By Nyang’au Araka
Where I come from, we are told that if the village is on fire, you do not run to rescue your neighbour before rescuing yourself.
Yet, as a region bound by history, culture, and fate, Kenya cannot pretend not to notice the smoke billowing from across the border in Tanzania.
While we, too, are grappling with our own national storms: poor leadership, high taxation, foreign borrowing, and the growing menace of forced disappearances; it would be reckless to ignore the disturbing turn of events next door.
In Tanzania, President Samia Suluhu Hassan seems determined to walk into a general election without an opponent.
The country’s main opposition leader, Tundu Lissu, languishes in a maximum-security prison, silenced and shut out of the democratic process.
The state machinery has been oiled to perfection: only Suluhu’s campaign materials flood the streets and social media feeds, all branded with the slogan “Kazi iendelee” (Let the work continue). But whose work is this, and at what cost?
Lissu’s story alone should trouble every conscience.
Years ago, he was shot sixteen times in a brazen assassination attempt; and even now, one bullet remains lodged in his body, a grim souvenir of the price of political courage.

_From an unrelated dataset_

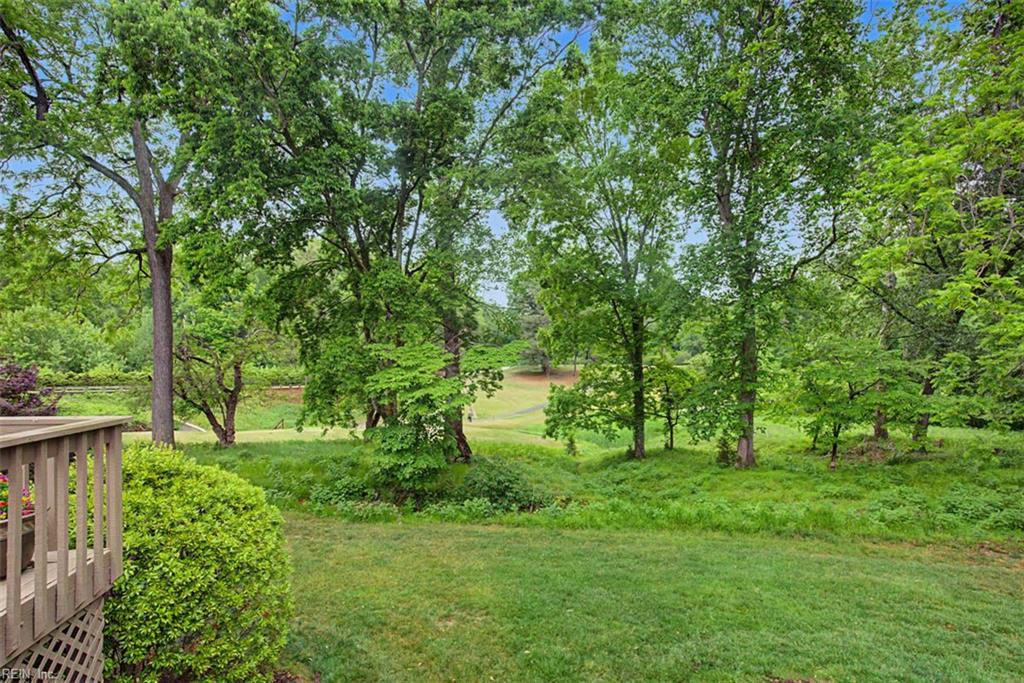 119 Harrops Glen Williamsburg VA 23185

Doctors have warned that removing it might kill him. So, he lives daily with pain, a literal reminder of the risks borne by those who dare to speak against oppression.

It is tragic that in the same region where independence flags once rose amid jubilation and hope, fear now rules the hearts of citizens.

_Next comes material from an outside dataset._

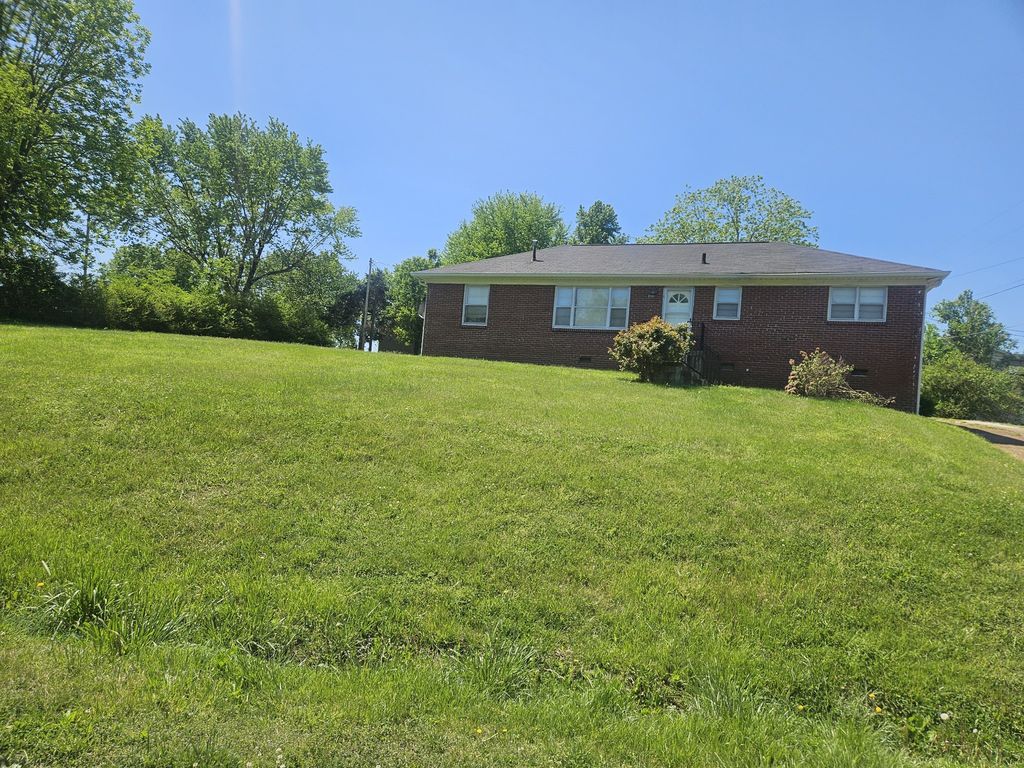 1308 Maple St, Greenbrier, TN 37073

Many Tanzanians have resigned themselves to silence, convinced that there is nothing they can do to change their fate.
In the streets of Dar es Salaam and the markets of Arusha, political conversations happen in whispers, if at all.
The freedom to dissent, to criticise, to hope aloud; these have become luxuries.
And yet, just across the border, Kenyans still argue, protest, and tweet with reckless abandon.
Our streets may at times be filled with teargas and our activists may face the wrath of the police; but the spirit of defiance, the audacity to question power, remains alive.
Two of our own activists are currently missing after travelling to Uganda, and that, too, should remind us that the path to freedom is never smooth.
But even in our moments of fear, the embers of resistance continue to glow.

Kenyans must never take for granted the rights they now enjoy under the 2010 Constitution.
Freedom of expression, assembly, and the press did not fall from the sky; they were bought with sweat, blood, and tears, won through the courage of those who were detained, beaten, and sometimes killed for daring to imagine a freer Kenya.
The young generation, many of whom were born after the dark days of one-party rule, must not let comfort breed complacency.
We may be disillusioned by corruption and disappointed by leaders who have turned public office into personal enterprise; but despair must never lead us into silence.
Apathy is the enemy’s greatest ally. The moment citizens stop caring, democracy begins to die.
So, even as we demand that President Suluhu releases her political opponents and restores Tanzania’s democratic dignity, we must look inward.
Our own village, too, is smouldering. The price of freedom is eternal vigilance, and every Kenyan—young or old—must become a guardian of that flame.
Let us not wait until our voices are muted, until our rights are shredded, to realise what we once had.
For when silence finally falls, it will not distinguish between the complacent and the courageous.
Kenya’s democracy, fragile though it may be, is still a light in a darkening region; and if we wish to keep it burning, we must protect it jealously, fiercely, and always.